II - July 21–August 7, 2020
Algebra 1, Algebra 2, and Geometry. Some background with statistics is recommended but not required.
The exponential growth of data, advances in cloud computing, and machine learning have transformed every industry from retail and banking to healthcare and education. This introductory-level course enables participants to navigate the new reality of the “data economy,” in which data is the “the new oil”—a ubiquitous and invaluable asset.
We focus on the strategic use of data and innovative technologies to derive actionable business insights. Participants develop a strong foundation in data-driven thinking for solving real-world problems. They are introduced to a variety of popular technologies for data analytics and gain a familiarity with programming in either R, a software environment for statistical computing and graphics, or Python. Much of the in-class work involves working with one of these two languages. Students learn how to import, export, manipulate, transform, and visualize data; use statistical summaries; and run and evaluate machine learning models.
From the start of the course participants are immersed in the world of data: they are introduced to the concepts of big data, artificial intelligence, the internet of things, cloud computing, and data ethics in the context of real-world business scenarios. Through hands-on experience and practice they study data harvesting and exploration, as well as the basics of data visualization. After they get comfortable with data manipulation and transformation, they gain familiarity with statistical frameworks and methods designed to extract practical insights from data. Participants learn and implement common machine-learning techniques and develop and evaluate analytical solutions.
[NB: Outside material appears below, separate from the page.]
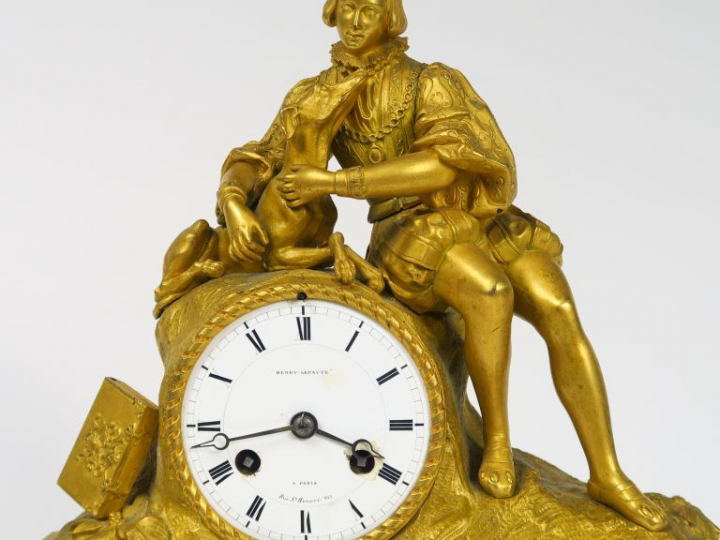 Pendule Restauration en bronze doré à décor d'un gentilhomme de la Ren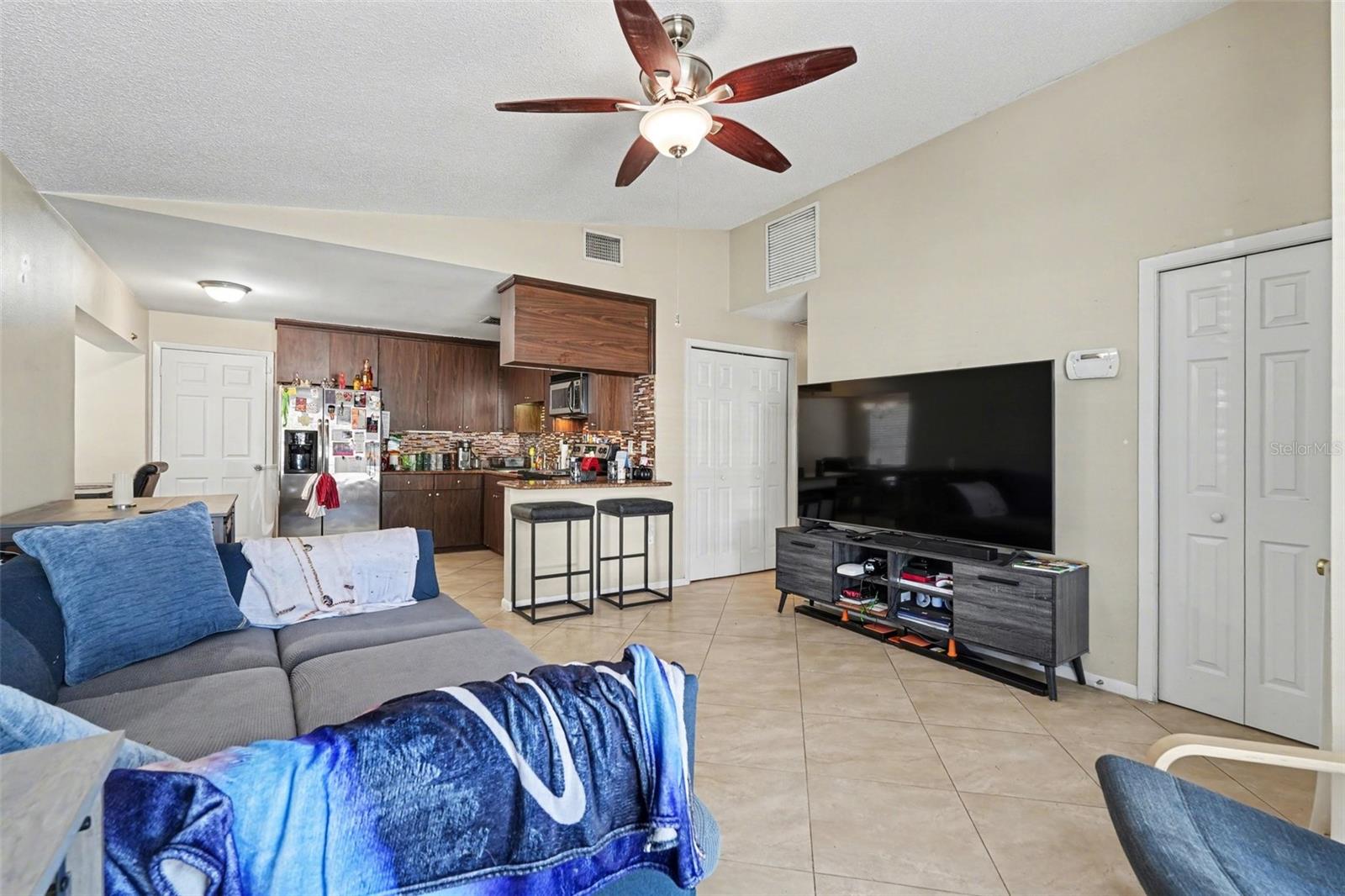 Image 6 of 49 For 412 Idlewild Avenue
Toward the conclusion of the course, students work in groups on a final project and presentation, thereby (a) solidify their newly acquired analytical and programming skills and (b) practicing storytelling with data.
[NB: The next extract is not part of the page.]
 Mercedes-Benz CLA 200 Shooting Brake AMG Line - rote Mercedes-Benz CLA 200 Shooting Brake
Participants should expect a dynamic and interactive environment: hands-on exercises, teamwork, continuous in-class dialogue, demonstrations, and interactive presentations. The course features real-world applications of data analytics across industries and challenges students to think in terms of the business value of data and machine learning.
Elena Dubova built her career at Microsoft working with enterprise businesses across different industries – retail, transportation, and professional services. She held leadership positions across a number of business departments; operated in various functions, including sales, marketing, strategy, and operations; and developed and executed transformational projects from bringing to success new business verticals to partner ecosystem transformation. Elena holds an M.S. in applied analytics from Columbia University and M.A.’s in economics and international relations from Ivanovo State University. For several years she was a board member and director for the Model United Nations, an educational program that provides students with opportunities to find solutions for real-world issues. Elena is currently a faculty member at Columbia University’s School of Professional Studies.
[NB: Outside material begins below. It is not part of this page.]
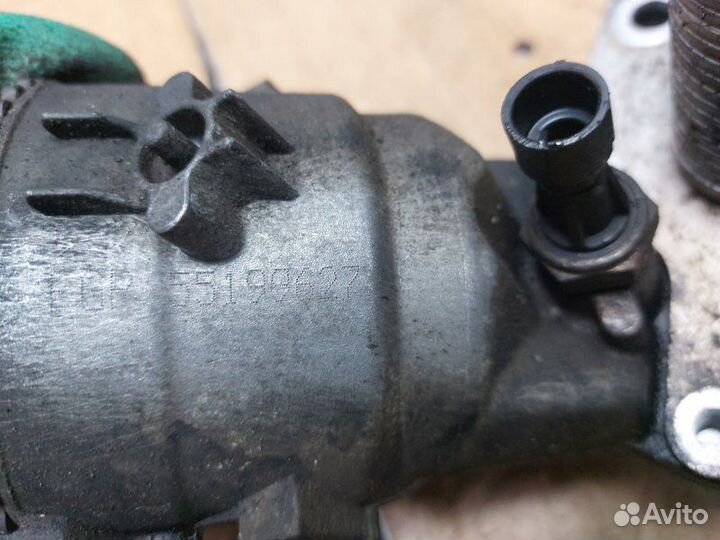 Корпус масляного фильтра Opel Zafira B Z19DT 2007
Rajeev Nair is Vice President for Predictive Modeling and AI/Decision Sciences for CreditOne Bank. Prior to his current role, he was associated with the private equity Comcraft Group. He has served as an advisor to NE Big Data Hub at Columbia University, a think tank created by the US Government, New York City, and Harvard/MIT/Penn/Columbia to apply AI/NLP/Machine Learning technologies to solve business problems in finance and healthcare. Rajeev earned his MBA from Columbia Business School. He has completed executive education from MIT on artificial intelligence (AI) for business strategy and holds a B.Tech. from Indian Institute of Technology (IIT), Kharagpur.
Orthi Rabbane is a data scientist and programming instructor living and working in Washington, DC. She has consulted for startups, investment banks, and corporations, enabling them to leverage their data so as to grow their business, and has worked for the Federal Reserve Board. Orthi holds a masters in applied economics from Johns Hopkins University and undergraduate degrees in economics and mathematical sciences (specialization in statistics, probability, and data analysis) from the University of Texas at Austin.